The factorization criterion of Theorem 3.5 provides an effective way of obtaining sufficient statistics that usually happen to be minimal. A guarantee of minimality is given by the next theorem.

Theorem 3.6 (Sufficient condition for minimal sufficiency) A statistic $T$ is minimal sufficient for $\theta$ if the following property holds:

\[\begin{equation} \begin{split} \frac{\mathcal{L}(\theta;x_1,\ldots,x_n)}{\mathcal{L}(\theta;x_1',\ldots,x_n')}\ &\text{is independent of $\theta$} \\ &\iff T(x_1,\ldots,x_n)=T(x_1',\ldots,x_n') \end{split} \tag{3.5} \end{equation}\]

for any sample realizations $(x_1,\ldots,x_n)$ and $(x_1',\ldots,x_n').$

Proof (Proof of Theorem 3.6). We prove the theorem for discrete rv’s. Let $T$ be a statistic that satisfies (3.5). Let us see that, then, it is minimal sufficient.

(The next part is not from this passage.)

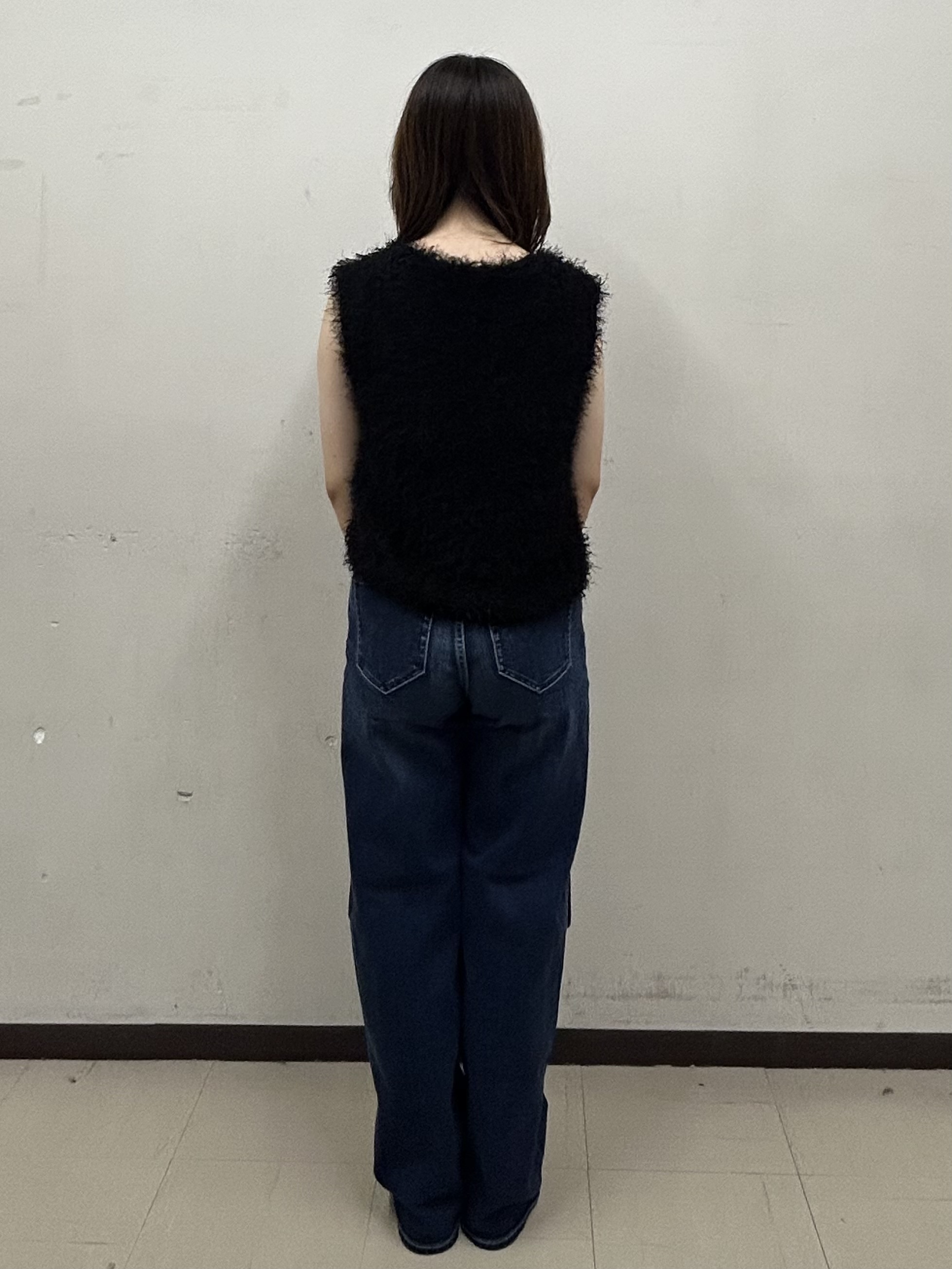 noeさんの「INDIVI｜【洗える】ファンシーヤーンVネックニットベスト」を使ったコーディネート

Firstly, we check that $T$ is sufficient. Indeed, for any sample $(x_1',\ldots,x_n'),$ we have that

\[\begin{align*} \mathbb{P}(X_1=x_1',\ldots,X_n=x_n'|T=t)=\begin{cases} 0 & \text{if} \ T(x_1',\ldots,x_n')\neq t,\\ {\frac{\mathbb{P}(X_1=x_1',\ldots,X_n=x_n';\theta)}{\mathbb{P}(T=t;\theta)}} & \text{if} \ T(x_1',\ldots,x_n')= t. \end{cases} \end{align*}\]

If we have a sample $(x_1',\ldots,x_n')$ such that $T(x_1',\ldots,x_n')=t,$ then

\[\begin{align*} \mathbb{P}(X_1=x_1',\ldots,X_n=x_n'|T=t)&=\frac{\mathbb{P}(X_1=x_1',\ldots,X_n=x_n';\theta)}{\mathbb{P}(T=t;\theta)}\\ &=\frac{\mathbb{P}(X_1=x_1',\ldots,X_n=x_n';\theta)}{\sum_{(x_1,\ldots,x_n)\in A_t} \mathbb{P}(X_1=x_1,\ldots,X_n=x_n;\theta)}, \end{align*}\]

where

\[\begin{align*} A_t=\{(x_1,\ldots,x_n)\in\mathbb{R}^n:T(x_1,\ldots,x_n)=t\}. \end{align*}\]

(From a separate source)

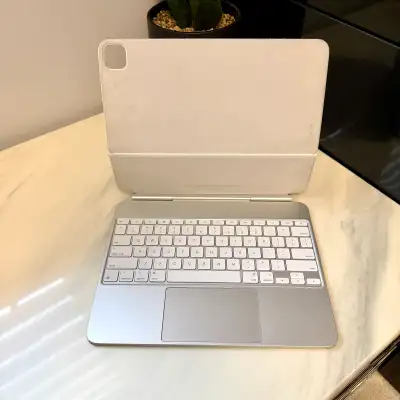 Magic Keyboard 13" for IPad Pro M4 or M5 - *Works Like New*, View more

Rewriting in terms of the likelihood:

\[\begin{align*} \mathbb{P}(X_1=x_1',\ldots,X_n=x_n'|T=t)&=\frac{\mathcal{L}(\theta;x_1',\ldots,x_n')}{{\sum_{(x_1,\ldots,x_n)\in A_t}} \mathcal{L}(\theta;x_1,\ldots,x_n)}\\ &=\frac{1}{{\sum_{(x_1,\ldots,x_n)\in A_t}}{\frac{\mathcal{L}(\theta;x_1,\ldots,x_n)}{\mathcal{L}(\theta;x_1',\ldots,x_n')}}}. \end{align*}\]

All the samples $(x_1,\ldots,x_n)\in A_t$ share the same value of the statistic, $T(x_1,\ldots,x_n)=t,$ just like $(x_1',\ldots,x_n').$ Therefore, the ratio of likelihoods in the denominator does not depend on $\theta$ because of (3.5). Thus, $T$ is sufficient.

We now check minimal sufficiency. Let $\tilde{T}$ be another sufficient statistic. Let us see that then it has to be $T=\varphi(\tilde{T}).$ Let $(x_1,\ldots,x_n)$ and $(x_1',\ldots,x_n')$ be two samples with the same value for the new sufficient statistic:

\[\begin{align*} \tilde{T}(x_1,\ldots,x_n)=\tilde{T}(x_1',\ldots,x_n')=:\tilde{t}. \end{align*}\]

Then, the probabilities of such samples given $\tilde{T}=\tilde{t}$ are

\[\begin{align*} \mathbb{P}(X_1=x_1,\ldots,X_n=x_n|\tilde{T}=\tilde{t})&=\frac{\mathbb{P}(X_1=x_1,\ldots,X_n=x_n;\theta)}{\mathbb{P}(\tilde{T}=\tilde{t};\theta)},\\ \mathbb{P}(X_1=x_1',\ldots,X_n=x_n'|\tilde{T}=\tilde{t})&=\frac{\mathbb{P}(X_1=x_1',\ldots,X_n=x_n';\theta)}{\mathbb{P}(\tilde{T}=\tilde{t};\theta)}. \end{align*}\]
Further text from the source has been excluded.